Provided records:
────────────────────

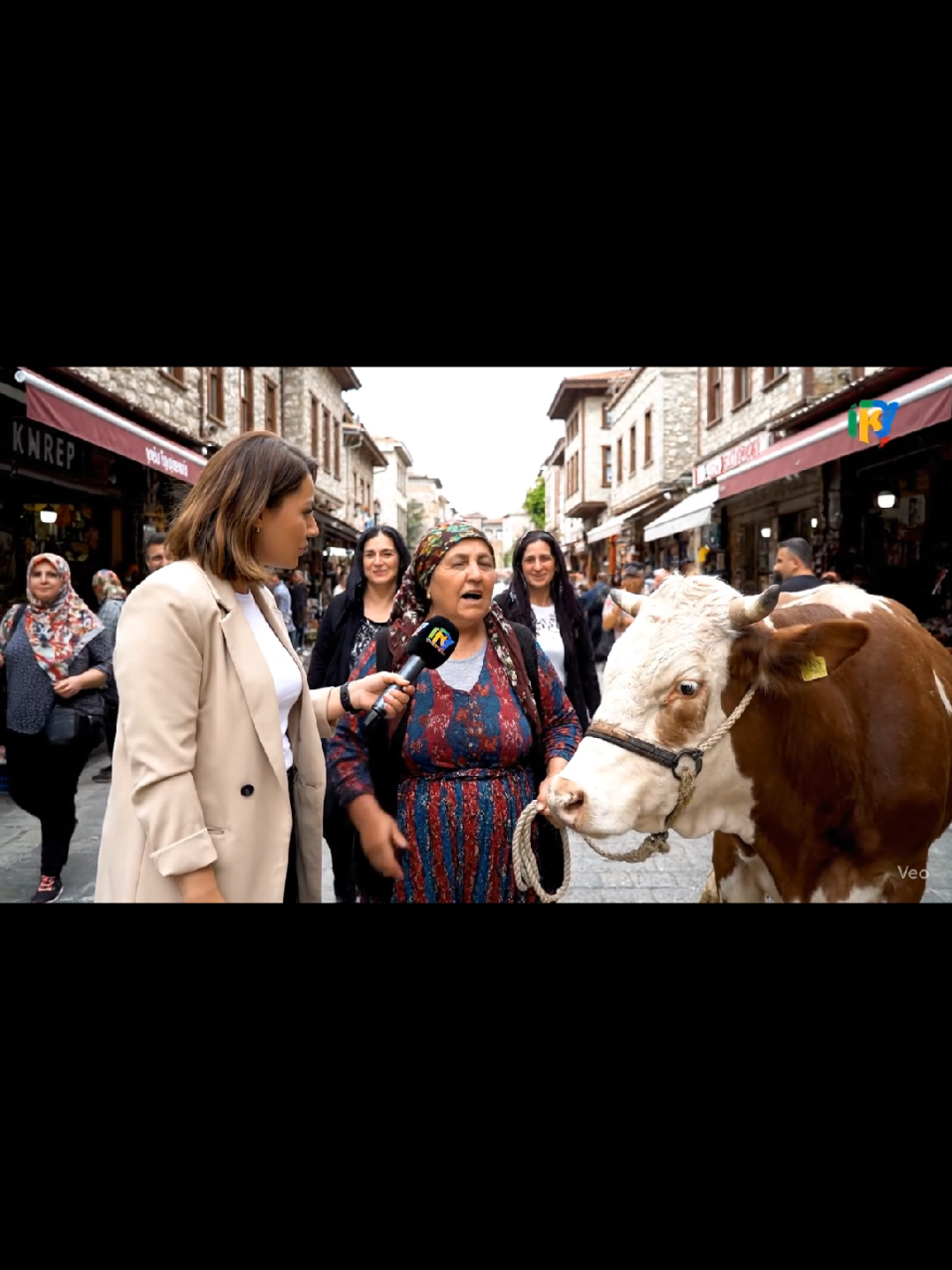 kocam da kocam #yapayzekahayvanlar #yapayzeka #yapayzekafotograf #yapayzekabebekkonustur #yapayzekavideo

────────────────────

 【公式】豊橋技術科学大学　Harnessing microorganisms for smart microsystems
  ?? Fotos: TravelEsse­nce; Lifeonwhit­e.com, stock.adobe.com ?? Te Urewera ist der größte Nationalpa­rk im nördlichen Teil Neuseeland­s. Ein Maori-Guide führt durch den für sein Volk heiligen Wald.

────────────────────

Copy out the lines above exactly, beginning at the one that contains "for smart microsystems" and ending at the one that contains "Volk heiligen Wald.".

 【公式】豊橋技術科学大学　Harnessing microorganisms for smart microsystems
  ?? Fotos: TravelEsse­nce; Lifeonwhit­e.com, stock.adobe.com ?? Te Urewera ist der größte Nationalpa­rk im nördlichen Teil Neuseeland­s. Ein Maori-Guide führt durch den für sein Volk heiligen Wald.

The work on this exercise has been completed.